Сарафанову принесли письмо, на котором острым, скачущим почерком было выведено имя отправителя — его друга, писателя Николая Заборщикова. Сарафанов вскрыл конверт и читал.
«Любезный сударь Алексей Сергеевич, сердечный друг Алеша, с опозданием благодарю тебя за твои щедрые благодеяния, за бескорыстную помощь, которая так меня поддержала. На твои дарения я утеплил терраску, превратил ее в уютный кабинетик, где теперь могу безмятежно работать над книгой, грея ноги в валенках, а спину о печь-голландку. В избе же работать невозможно, ибо дым коромыслом от детей, на которых покрикивает моя благоверная Татьяна, да еще берем в дом с мороза кота и гончую собаку.
Дорогой Алеша, кинь ты хоть ненадолго свой московский Вавилон и приезжай ко мне в гости. Как бы нам было хорошо повидаться в деревне. Погуляем по белым лесным дорогам, наговоримся досыта вечерами у горящей печи. Попарю тебя в бане, а Татьяна испечет нам пироги с грибами, картошкой и луком.
Очень меня вдохновили твои слова о «Пятой Империи» русских.
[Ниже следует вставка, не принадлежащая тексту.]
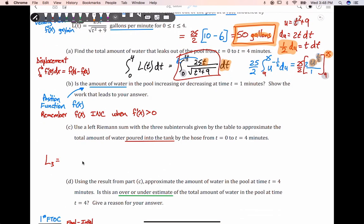Let's go to part B. It says: is the amount of water in the pool increasing or decreasing at time one minute? The amount of water is interpreted as a position function, f of x. If f of x is increasing, its derivative is positive; if decreasing, its derivative is negative. The position function uses both rate in and rate out to see what's happening — you have a pool being filled with water while water is also leaking out.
Все думаю, как бы нам, русским людям, соединиться и стряхнуть с себя поганое иго. Вновь во всей красе и величии возвести нашу ненаглядную Россию. Хотел бы продолжить наши разговоры, высказать мои взгляды на эти и многие другие проблемы. Может, соберешься и нагрянешь?
Жду тебя с нетерпеньем. Твой друг, запечный философ Николай Заборщиков».